The ever-useful filmstrip view in WebPageTest now also highlights, with a dashed yellow border, when layout shifts are detected. This is to aid identifying the offending element (in this case, the social widget sidebar):
It is important to note that these data points are only available when testing from a Chrome browser.
Improving core web vitals
Understanding Core Web Vitals is the first step, improving them is the second! These new metrics have been designed to proxy the user experience on your pages, so it will always be a good idea to improve them to provide a better experience. Now we have an additional driver for investment in performance as these metrics will become SEO ranking signals in the near future.
If you find that your Core Web Vitals are not always in the green, you'll want to work out why and how to improve them. Each will require a slightly different process and potentially different teams, so we'll look at each in turn. I've used akamai.com as an example here, with performance tests artificially throttled (slowed down) to make the observations more clear.
This new metric is the closest to our traditional performance measures, so optimizing it should be quite familiar. If we take a look at a waterfall chart with the LCP overlaid (red vertical line), we see that anything that occurs before the event is in scope for optimization.
If this is your first time reading a waterfall chart, you might like to read this blog post first.
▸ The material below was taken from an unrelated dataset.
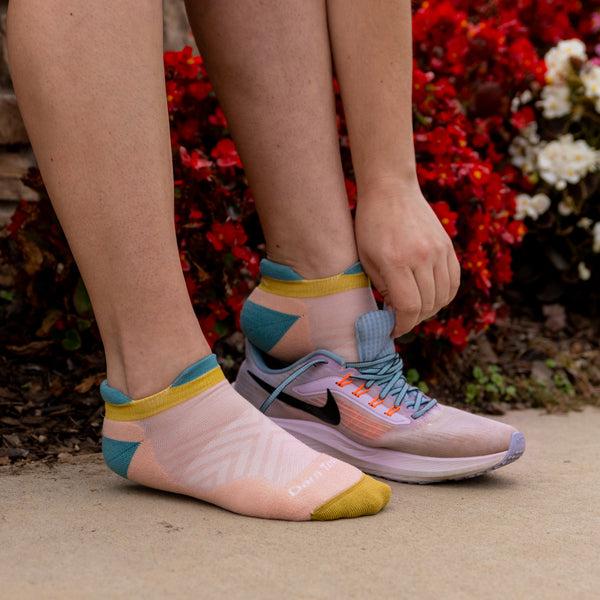 Darn Tough Women's Limited Edition Run No Show Tab Ultra-Lightweight Running Sock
The waterfall shows that there are two blocking scripts preventing the browser from loading the images immediately, including one from a cross-origin domain. This results in a slight delay in rendering that could be improved by making the scripts asynchronous. Otherwise, the LCP metric occurs shortly after the hero image (request #4 in the waterfall) is downloaded. This image is already optimized by Image & Video Manager so there is no further work to be done here.
Akamai's Adaptive Acceleration features will all help improve LCP: preloading fonts, pushing critical resources, and using next-gen compression algorithms combine to maximize the work done in the critical first milliseconds of page load. Optimizing your Time to First Byte by enabling HTML caching at the edge or using SureRoute will also have a direct benefit on the LCP metric.
FID is a difficult metric to optimize as we cannot control the user's interactions, so we tend to focus on total blocking time (TBT) as a proxy. TBT will always be higher than FID, but optimizing it reduces the likelihood of a user experiencing a long delay and thus should reduce field-measured FID.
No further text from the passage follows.